Critical sections and mutexes

brueckd at tbye.com brueckd at tbye.com
Wed Oct 24 16:06:50 EDT 2001


On Wed, 24 Oct 2001, Cliff Wells wrote:

> True, I may have overstated it a bit, however, I would expect that the
> typical multi-threaded application is going to do things that require more
> than a single-line of python to manipulate data

You might *expect* that, but it often turns out not to be the case. :) It
all depends on the type of program you're writing, but I've found that
very often (maybe even 50% of the time or more) multithreaded apps get by
just fine without additional work. Even a few really large programs boiled
down to unidirectional work queues. In those cases I often use a semaphore
as a "work ready" signal, but that has nothing to do with maintaing data
integrity and everything to do with performance (avoiding busy waits).

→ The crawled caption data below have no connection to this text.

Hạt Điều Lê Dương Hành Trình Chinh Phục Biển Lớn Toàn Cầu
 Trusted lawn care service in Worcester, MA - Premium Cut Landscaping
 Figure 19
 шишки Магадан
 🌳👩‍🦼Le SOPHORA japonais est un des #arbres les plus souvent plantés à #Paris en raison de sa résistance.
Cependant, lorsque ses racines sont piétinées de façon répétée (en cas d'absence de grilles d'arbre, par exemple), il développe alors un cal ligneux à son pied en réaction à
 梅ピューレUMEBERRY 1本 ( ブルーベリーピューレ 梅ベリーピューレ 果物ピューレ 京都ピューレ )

>, i.e. len() prior to append()
> or pop() or whatever.

Hence the try..pop..except construct. With checking for length before
appending, it's often the case that there is no firm requirement on max
list size, only that you don't want it to be too big (ie - it's a fuzzy
requirement). That being true, the worst case for a non-locking
implementation would be a list that has (n-1) too many objects in it where
n is the number of producers.

For example, if you have a work queue that you don't want to grow to some
extreme length you may decide to cap its size at 1000 elements. With 10
threads adding work to the list, occasionally they'll drop or hold a
packet of work too long or occasionally your list will grow to 1009
elements. No big deal: the drop/hold problem exists regardless of any sort
of locking, and you don't care that your list is 9 elements too big
because your requirement was simply "don't let it grow without bounds".